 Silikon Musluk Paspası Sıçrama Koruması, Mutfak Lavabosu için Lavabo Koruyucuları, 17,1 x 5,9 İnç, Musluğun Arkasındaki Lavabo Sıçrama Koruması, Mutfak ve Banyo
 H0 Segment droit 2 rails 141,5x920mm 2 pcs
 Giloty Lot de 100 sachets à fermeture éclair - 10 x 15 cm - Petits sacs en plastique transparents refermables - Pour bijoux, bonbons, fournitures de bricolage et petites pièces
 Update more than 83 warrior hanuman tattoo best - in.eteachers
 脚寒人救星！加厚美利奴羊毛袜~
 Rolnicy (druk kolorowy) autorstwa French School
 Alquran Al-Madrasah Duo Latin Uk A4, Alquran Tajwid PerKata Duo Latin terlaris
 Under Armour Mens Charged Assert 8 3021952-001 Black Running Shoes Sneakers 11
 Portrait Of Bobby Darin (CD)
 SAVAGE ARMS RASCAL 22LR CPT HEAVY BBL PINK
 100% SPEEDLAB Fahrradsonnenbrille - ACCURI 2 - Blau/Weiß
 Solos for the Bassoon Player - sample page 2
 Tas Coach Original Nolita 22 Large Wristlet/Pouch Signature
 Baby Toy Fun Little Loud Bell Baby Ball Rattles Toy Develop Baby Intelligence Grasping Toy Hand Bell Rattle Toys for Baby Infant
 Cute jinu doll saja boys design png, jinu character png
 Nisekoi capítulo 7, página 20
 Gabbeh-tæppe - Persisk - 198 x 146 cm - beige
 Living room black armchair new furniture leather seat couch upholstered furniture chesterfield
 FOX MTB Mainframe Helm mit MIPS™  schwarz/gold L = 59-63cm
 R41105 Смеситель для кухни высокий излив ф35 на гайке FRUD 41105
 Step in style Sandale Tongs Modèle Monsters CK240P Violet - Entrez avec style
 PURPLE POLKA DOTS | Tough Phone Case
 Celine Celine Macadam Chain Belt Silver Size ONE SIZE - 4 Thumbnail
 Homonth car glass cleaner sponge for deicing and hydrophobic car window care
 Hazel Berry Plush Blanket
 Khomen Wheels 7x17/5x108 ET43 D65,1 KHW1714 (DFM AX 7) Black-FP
======
**EXERCISE AIM:** Starting from the line holding "Step in style", restate the remaining lines of the data word for word, including the last.

**THE ANSWER:**
 Step in style Sandale Tongs Modèle Monsters CK240P Violet - Entrez avec style
 PURPLE POLKA DOTS | Tough Phone Case
 Celine Celine Macadam Chain Belt Silver Size ONE SIZE - 4 Thumbnail
 Homonth car glass cleaner sponge for deicing and hydrophobic car window care
 Hazel Berry Plush Blanket
 Khomen Wheels 7x17/5x108 ET43 D65,1 KHW1714 (DFM AX 7) Black-FP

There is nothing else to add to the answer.